Is there a reason we don't want to respect new lines? Surely we should have the freedom to add a single new line if we want?

wilsonmr commented 4 years ago

example:

shifted_kl: Sample mean of the shifted Kullbach-Leibler divergence
  between target and model distribution.

  Parameters ---------- model_log_density: torch.Tensor
      column of log (\tilde p) for a sample of states, which is
  returned by
      forward pass of `RealNVP` model target_log_density:
  torch.Tensor
      column of log(p) for a sample of states, which includes the
  negative
      action -S(\phi) and a possible contribution to the volume
  element due
      to a non-trivial parameterisation.

  Returns ------- out: torch.Tensor
      torch tensor with single element, corresponding to the
  estimation of the
      shifted K-L for set of sample states.
wilsonmr commented 4 years ago

a minimal solution could be to at least let the formatting options be controllable when subclassing App or something.

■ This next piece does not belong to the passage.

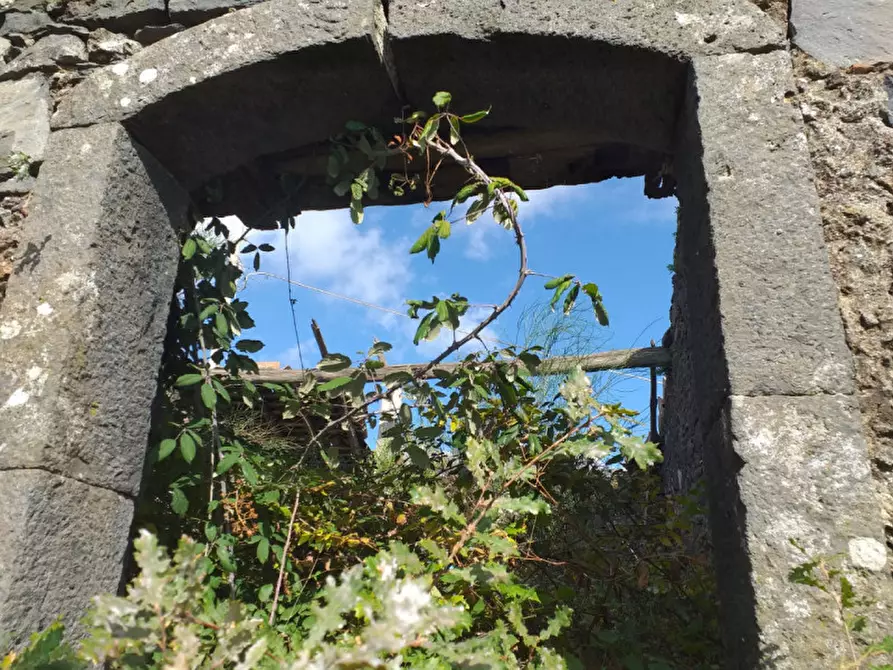 Immagine 5 di Terreno in vendita  in Via Taverna, 23 a Mascali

I might try pushing something which does this.

Zaharid commented 4 years ago

This is going to be annoying: AFIACT numpydoc requires exactly one line break between the section tiltle and the first item. It doesn't work with two (one of these little sphinx annoyances). On the other hand, I don't want a line break to be significative when printing --help, because then it does weird things to the text flow.

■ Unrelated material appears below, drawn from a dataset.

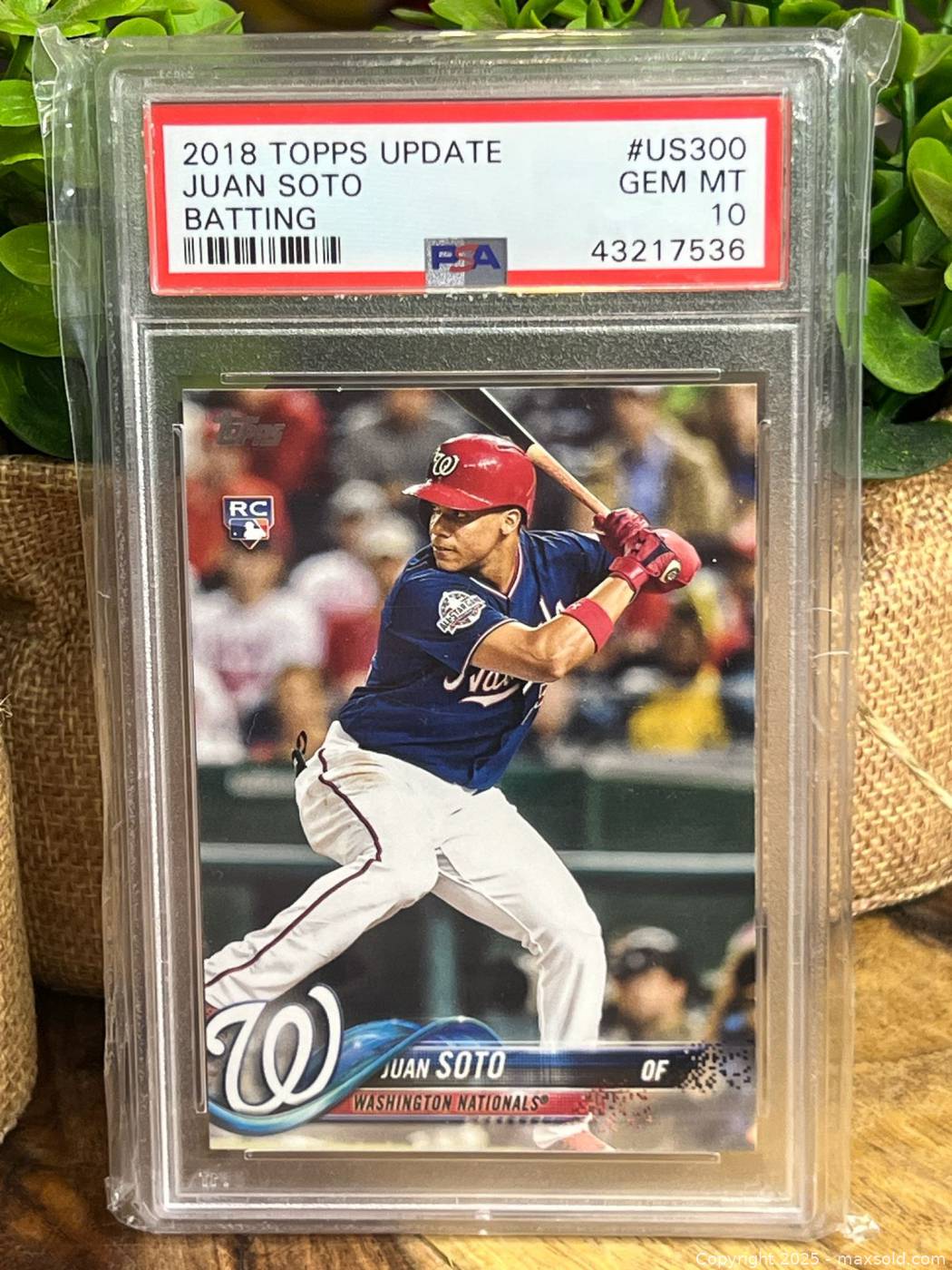 その他 Juan Soto auto psa10 topps 2018 Topps Chrome Update Juan Soto Rookie Auto PSA 10 Auto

wilsonmr commented 4 years ago

hmm if people write code and docstrings that display nicely in terminals (a lot of the code reviews in NNPDF/nnpdf ask for this) and if the --help <provider module> added a new line between the provider name and its docstring then any further formatting seems kind of unneccesary

Also I think it's preferable to have a few paragraphs that look like this

Sample mean of the shifted Kullbach-Leibler divergence
  between target
  and model distribution.

than having this:

Parameters ---------- dataset : DataSetSpec
    object parsed from the `dataset_input` runcard key fitthcovmat:
None or ThCovMatSpec
    None if either `use_thcovmat_if_present` is False or if no
theory
    covariance matrix was used in the corresponding fit t0set: None
or PDF
    None if `use_t0` is False or a PDF parsed from `t0pdfset` runcard
key perform_covmat_reg: bool
    whether or not to regularize the covariance matrix
norm_threshold: number
    threshold used to regularize covariance matrix
Zaharid commented 4 years ago
Sample mean of the shifted Kullbach-Leibler divergence
  between target
  and model distribution

This does look awful though.

Maybe one could try to use sphinx itself to format the terminal help. Maybe you can tell it to use the man page format or whatever. That has the big disadvantage of increasing a lot the tooling functionality.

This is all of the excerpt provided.